[GSoC 2025]: Matrix Archiver (Rust edition)

JadedBlueEyes · April 5, 2025, 5:10pm

Hi everyone! This is the more-complete proposal based on my pre-proposal here. Sorry that it’s so late!
I finished the last of my assignments yesterday, and the Easter break started then, too, so I’ll be much more active - I’ve put myself down as a regular for Monday meetings again!
I’ve made many technically opinionated decisions that I left open in my pre-proposal here, too.
Finally, I haven’t filled in the timeline yet, and this proposal probably needs a lot more editing. Please give me feedback!

With that said, here we go:

Project summary

Proposed mentor: julian45 (possibly zas, lucifer?)
Languages/skills: Rust/Matrix/HTML/Docker/Prometheus
Estimated project length: 350 hours
Difficulty: Medium
Expected Outcomes:

Matrix-native chat archiver, producing a portable, HTML-based output
Support Matrix’s reply, redaction and reaction features
Support Matrix’s media features

Additional Objectives:

Built-in full-text search functionality over past messages
Full support for Matrix’s threaded conversations (initial support will fall back as replies, with a ‘thread’ marker)

Contact information

Matrix: @jade:ellis.link, or as fallback @jadedblueeyes:matrix.org
JadedBlueEyes on IRC
JadedBlueEyes (Jade Ellis) · GitHub
https://jade.ellis.link
Timezone: Europe/London (GMT)

Personal Introduction

Hi there! Those of you who were here last year might know me already, but for those who don’t, I’m Jade.
I’m a second-year Computer Science student at the University of Kent in England, and I had the pleasure of participating in GSoC with MetaBrainz last year (see also proposal, release thread).
I made my first contributions to the MusicBrainz database in 2020, after using Picard to maintain my music library. I’m honestly not sure when I first started using Picard, but it’s been a staple!

Proposed project

Last summer, MeB migrated from IRC to Matrix for communication. We have BrainzBot (a fork of BotBotMe), an IRC-based bot that reads all messages and logs them to a Postgres database. These logs are displayed on chatlogs metabrainz org. Although we have a functioning IRC-Matrix bridge so that BrainzBot’s chat logging still works, BrainzBot is unmaintained and uses dependencies with known vulnerabilities. Due to this and our focus on Matrix as our communications platform of choice, we would quite prefer to move BrainzBot’s functions to a more modern bot.

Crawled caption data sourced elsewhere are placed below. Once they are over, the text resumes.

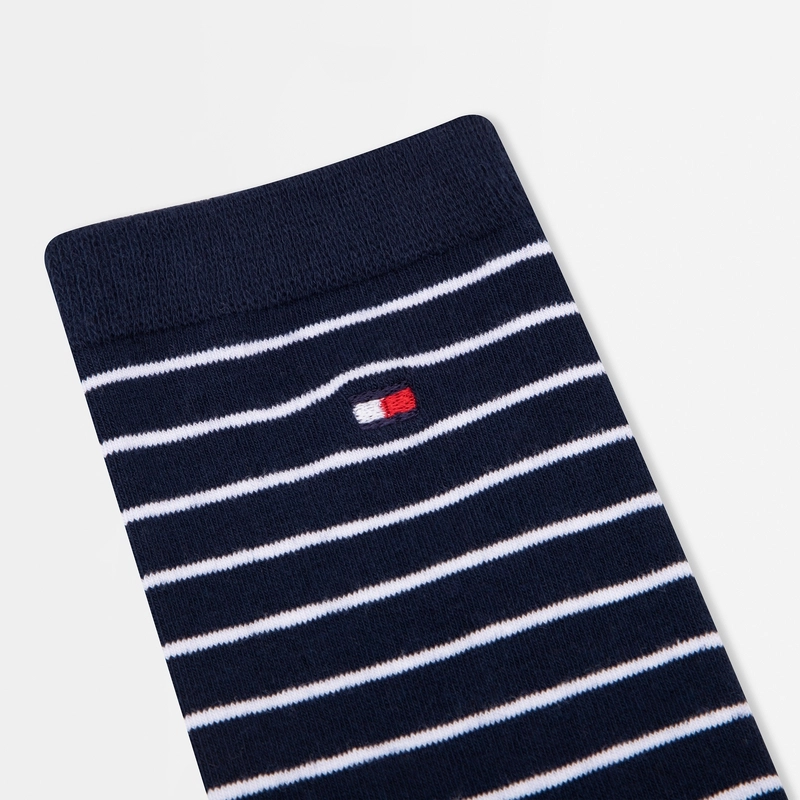 Tommy Hilfiger 1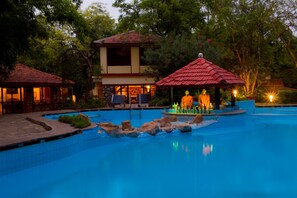 Outdoor pool - Tiger Moon Resort (Sawai Madhopur)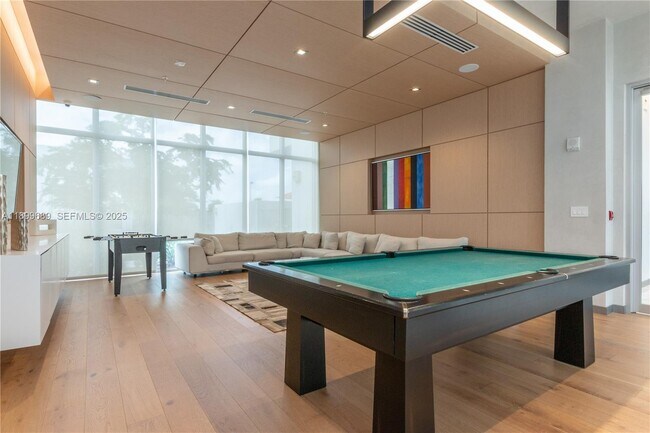 Building Photo - 10245 NW 63rd Terrace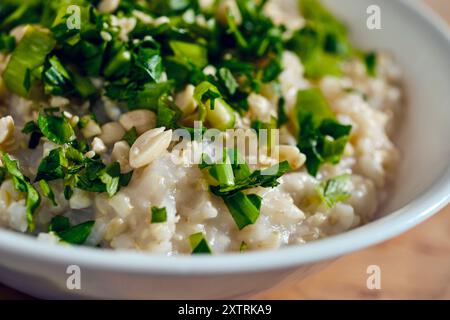 Un bol de porridge de riz asiatique, souvent appelé «congee» fait avec du riz brun Banque D'Images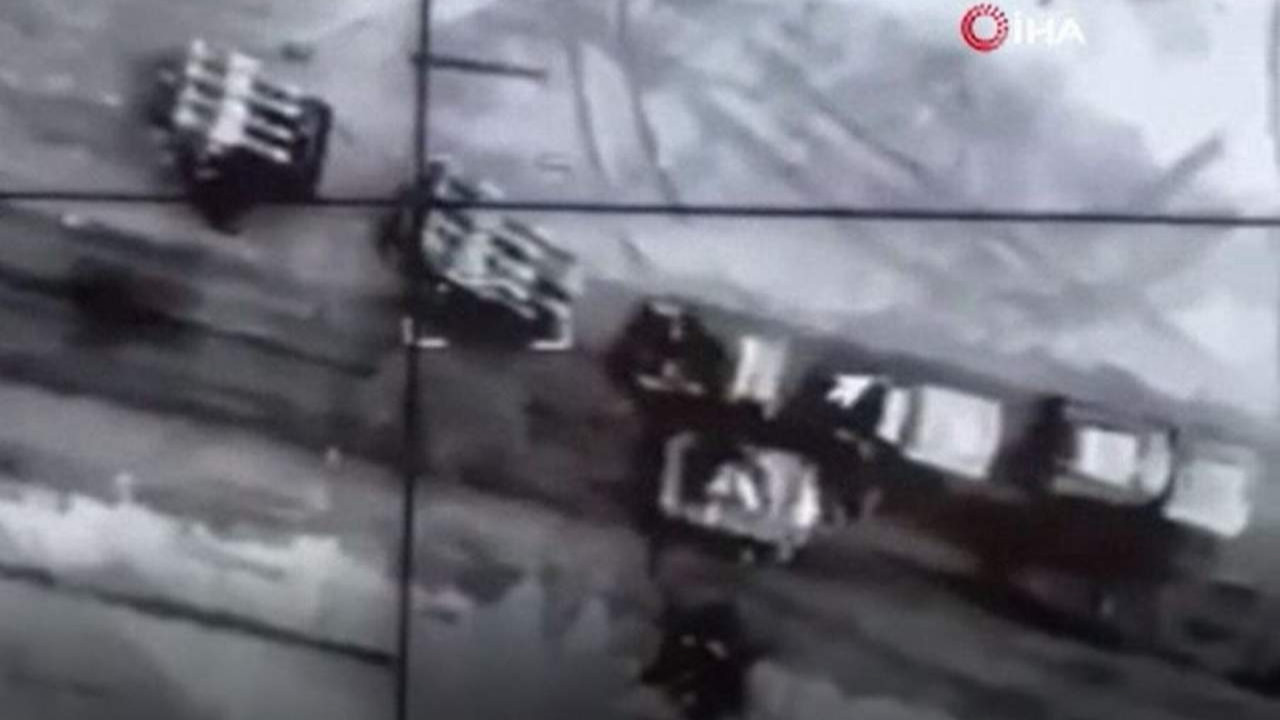 Türk SİHA'larının Rus konvoyunu vurduğu anlar kamerada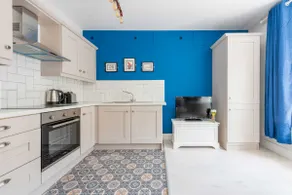 Diamond House Apartments - Image 4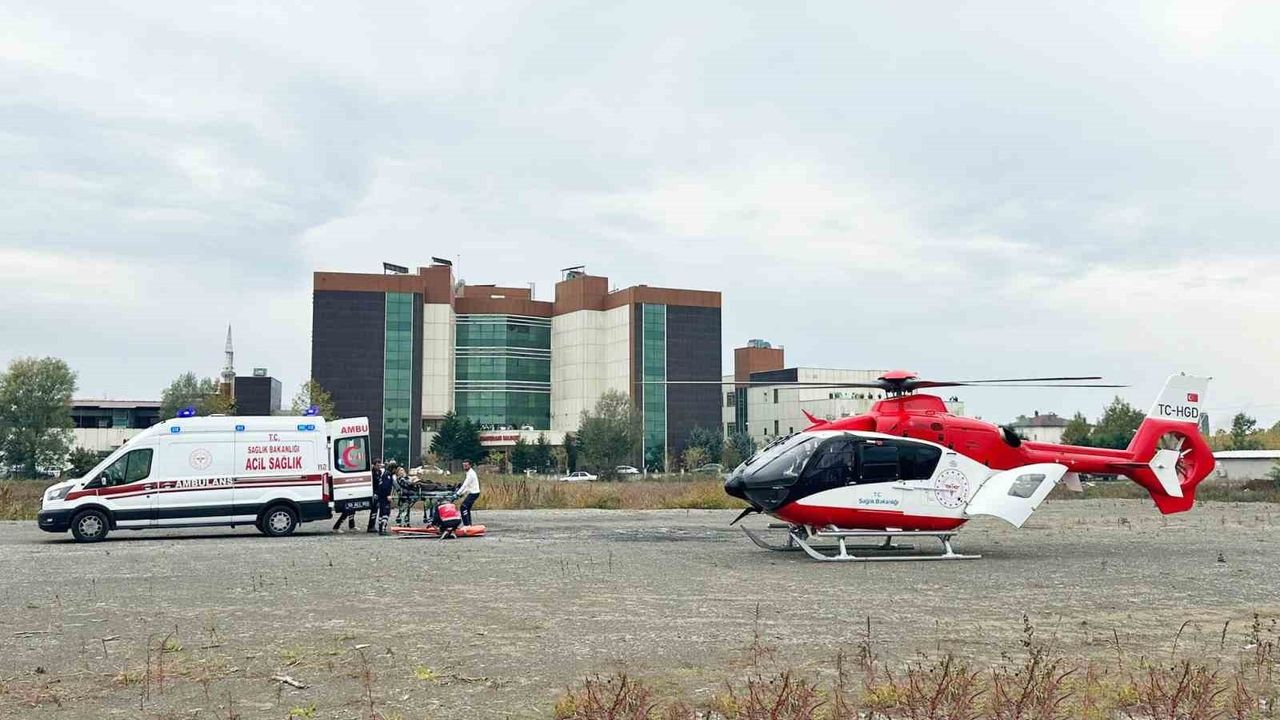 Ambulans helikopter Terme'de kalp pili bekleyen hastaya hızlı müdahale sağladı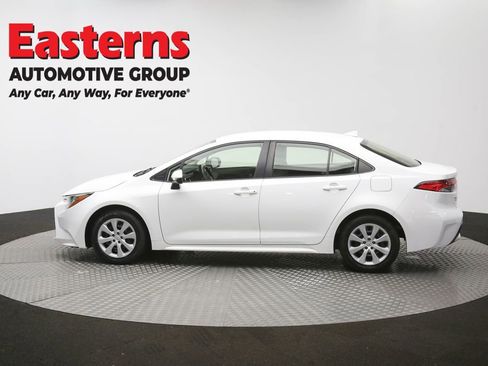 Used 2022 Toyota Corolla LE FWD image 60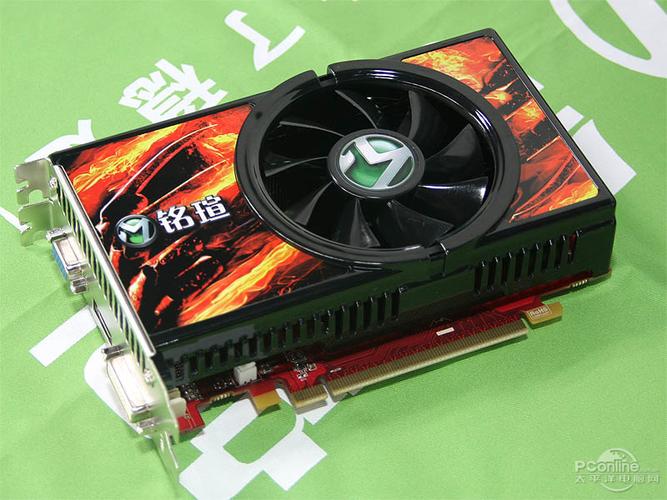 铭鑫HD5550 vs NVIDIA TITAN X 深度对比：入门级与发烧级的对决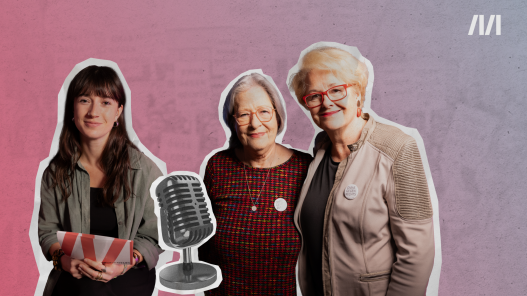 Man sieht die beiden Omas gegen Rechts: Susanne Scholl und Monika Salzer, sie blicken beide freundlich in die Kamera, tragen blond-graues Haar und eine Brille. Daneben ist MOMENT-Journalistin Mira Dolleschka zu sehen. Sie moderiert den Omas gegen Rechts-Podcast.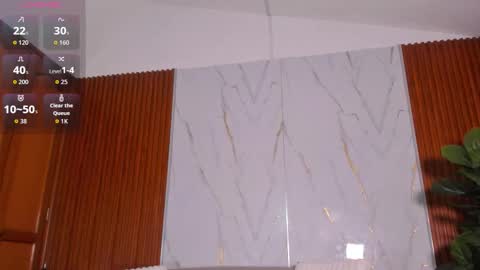 Emily online show from October 2025 07:21:02 PM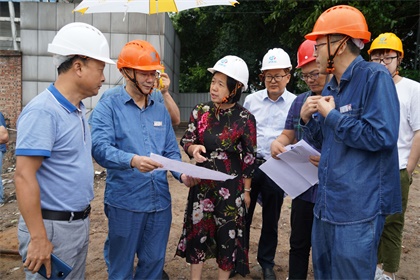 纳溪区委书记徐利到6686体育污水提标改造项目现场办公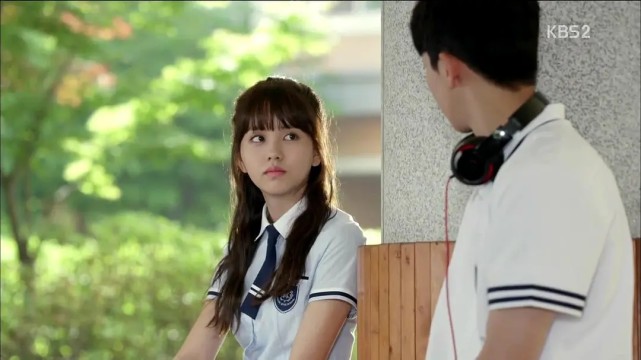 韩剧《学校2015》:双胞胎姐妹互换人生,爱情也拱手让人_腾讯新闻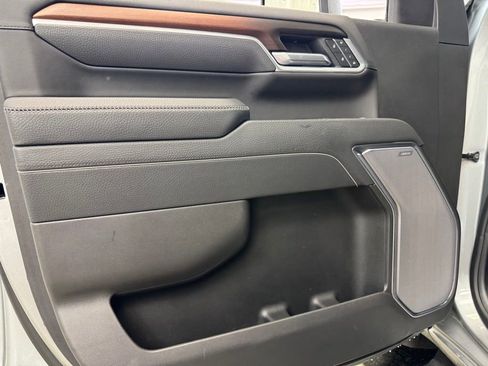 Used 2025 GMC Sierra 3500 Denali w/ Denali Reserve Package image 9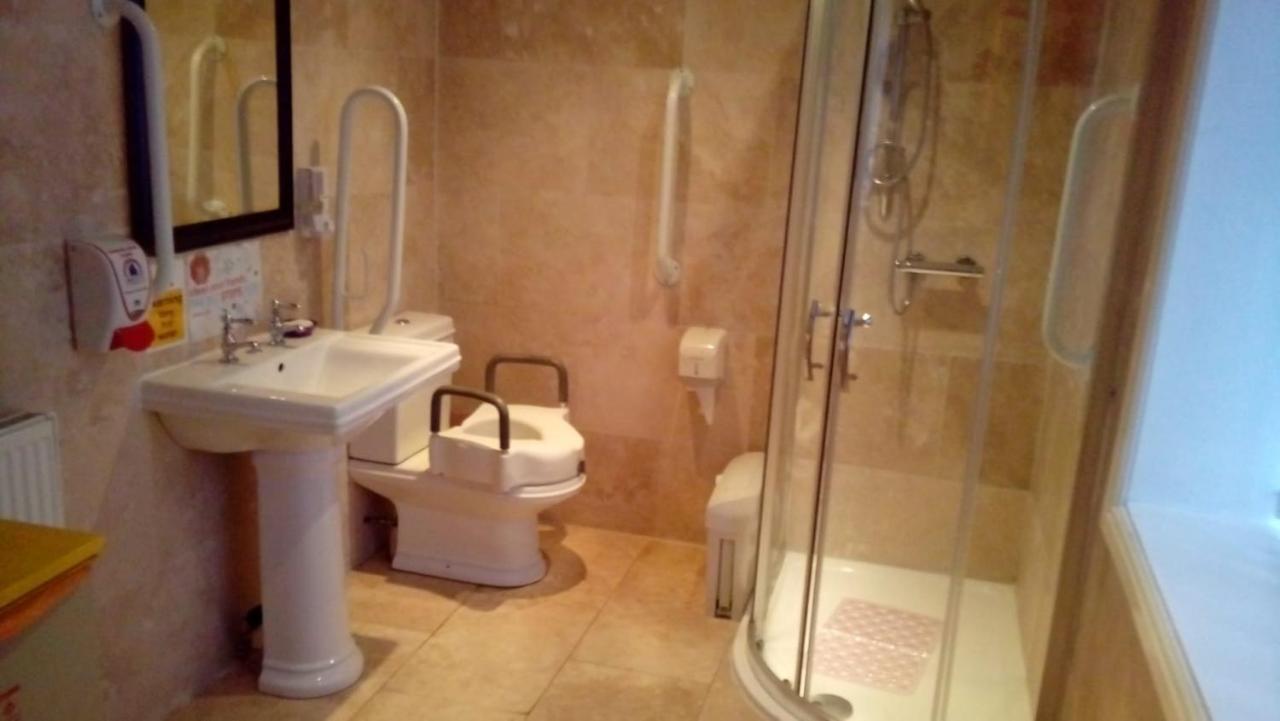 Carer 4 You Residential Home Upholland Eksteriør billede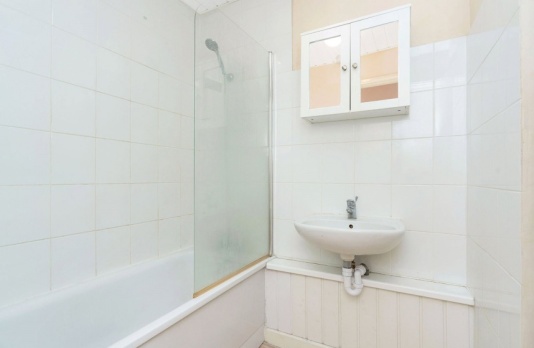 Shared bathroom bath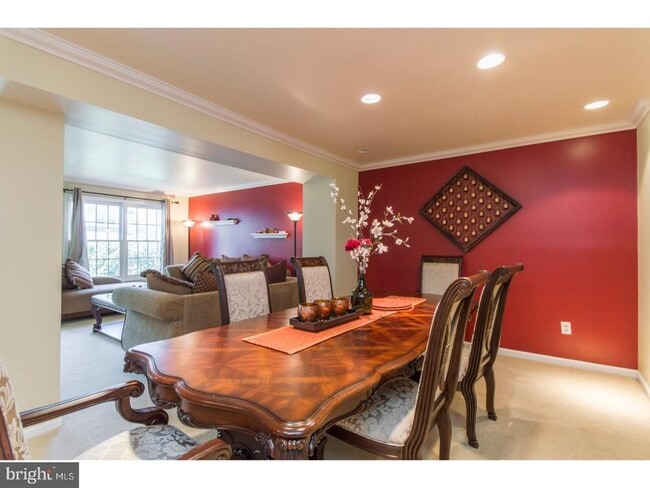 Photo - 293 Carmen Dr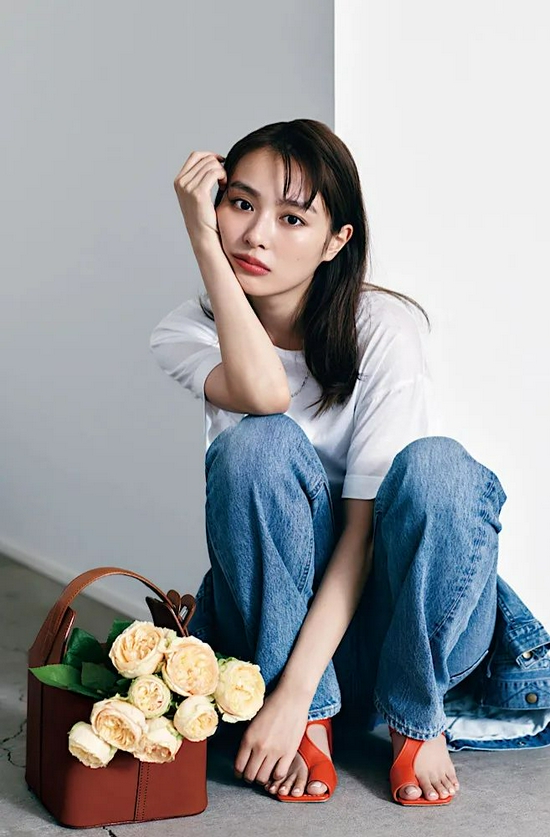 解锁入秋第一件单品,它才是高手!-幽兰花香 解锁入秋第一件单品,它才是高手!-幽兰花香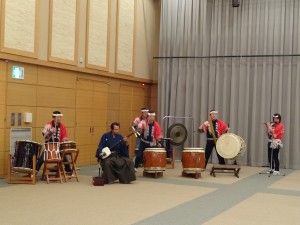 鳥海太鼓の皆様の祝い太鼓で1年間の安全祈願と大入り祈願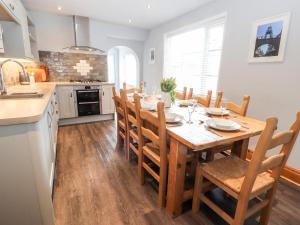 a kitchen and dining room with a wooden table and chairs at Glenwyllan in Chester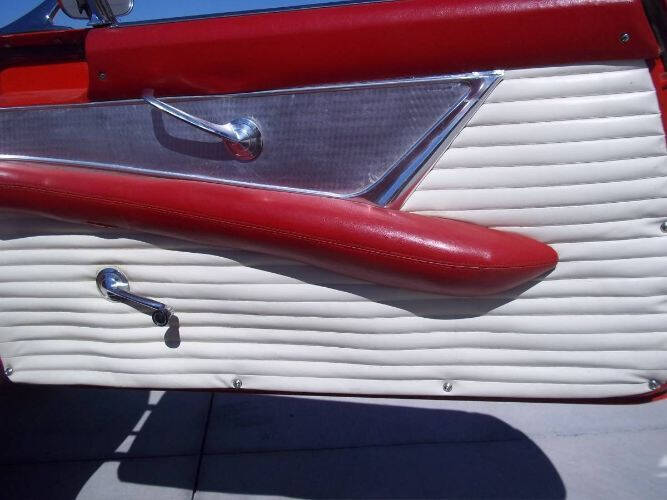 1955 Ford Thunderbird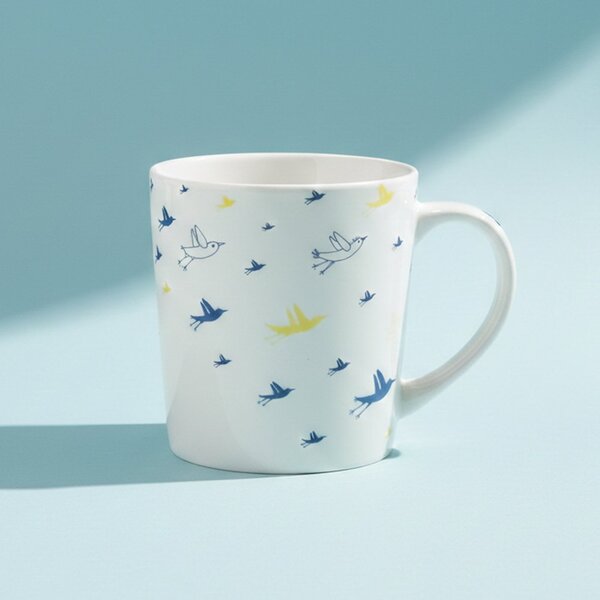 Porcelánový hrnek Ateliér Dorda Poslové dobrých zpráv, bílý, český porcelán, autorská ilustrace, 500 ml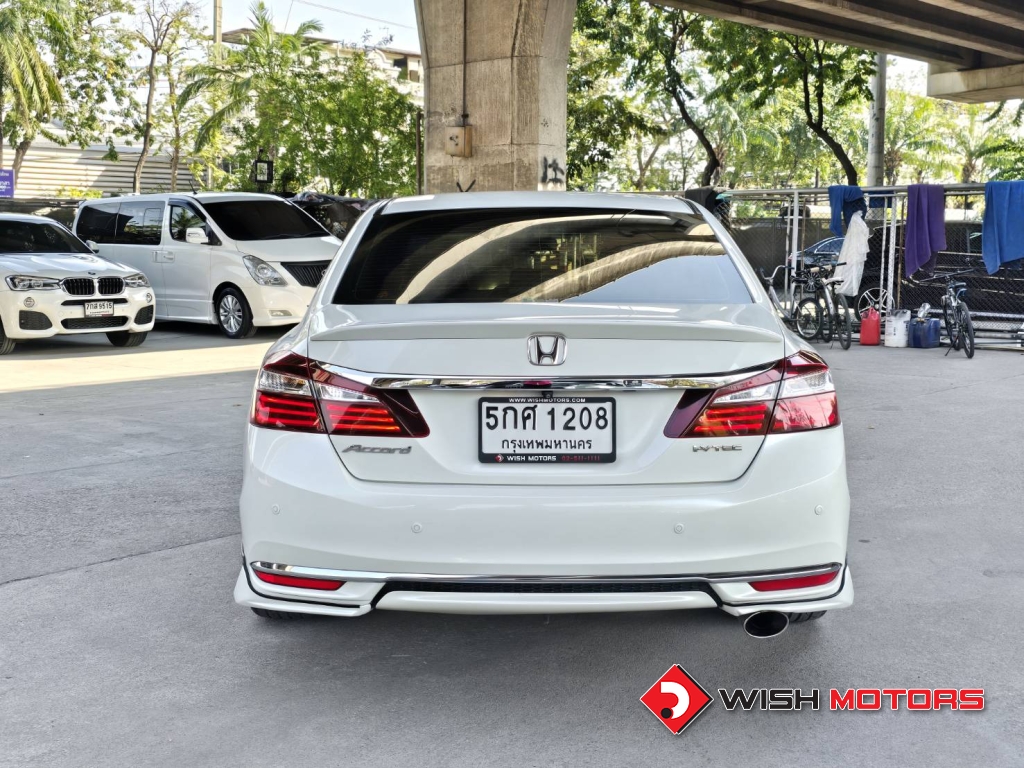 HONDA ACCORD 2.0 [E] AT ปี 2016 #5 (L)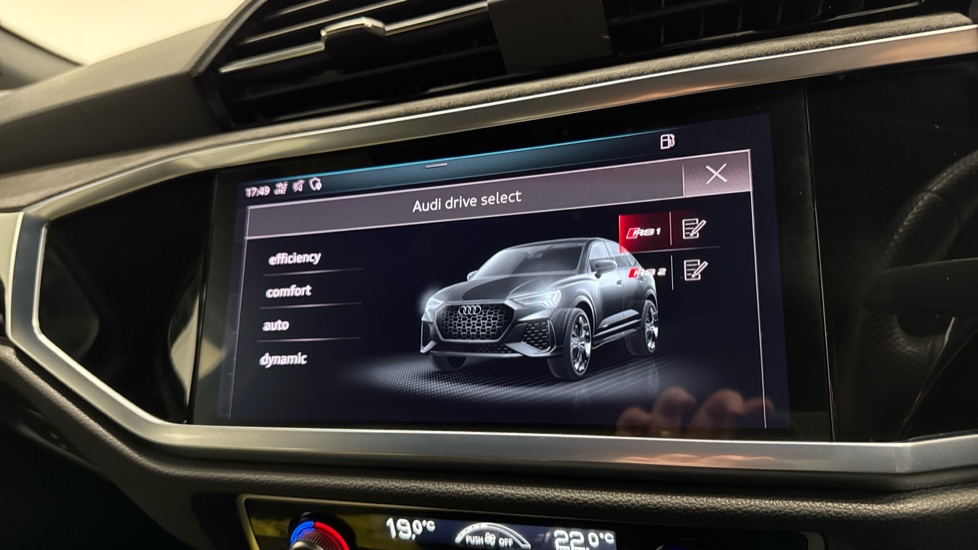 Audi RS Q3 TFSI Quattro Audi Sport Ed 5dr S Tronic[C+S] Petrol Estate - Image 40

This project proposes two main parts to replace BrainzBot fully. The first part is an archiver service, operating as a Matrix ‘bot’ account that records all messages from a room as human-readable HTML. The second part is an instance of MauBot, configured with a combination of already-existing plugins and some new plugins to replace the macros and other interactive functions of BrainzBot.

Matrix Archiver

This would be a long-running service written in Rust ^[1], utilising matrix-rust-sdk to read the target rooms via a bot account. ^[2]
The service would ingest both historical messages and new messages as they come in, and write the message content to a database, a search index and a HTML representation of the room on disk. This HTML representation would remain readable using a web browser, regardless of external factors that might otherwise make the message history unreadable or otherwise hard to read. ^[3]
Additionally, being plain HTML, it would be easily indexable by search engines.
On first encounter with a room, it would retrieve the entire message history, filling out the database and generating the HTML as it goes. It would also be able to regenerate the HTML and search index from the database.
To improve machine readability and for redundancy’s sake, the original event content of each message will be embedded in the HTML as JSON.
These HTML pages would be served over HTTP by the service for simplicity of configuration, although they could be served using a standard web server if the situation calls for it. ^[4]
Message history will be divided by room (so different timelines don’t interfere) and then, initially, by date^[5]. It will be possible to navigate to the previous and next pages chronologically, as well as jump to a specific date via a sidebar.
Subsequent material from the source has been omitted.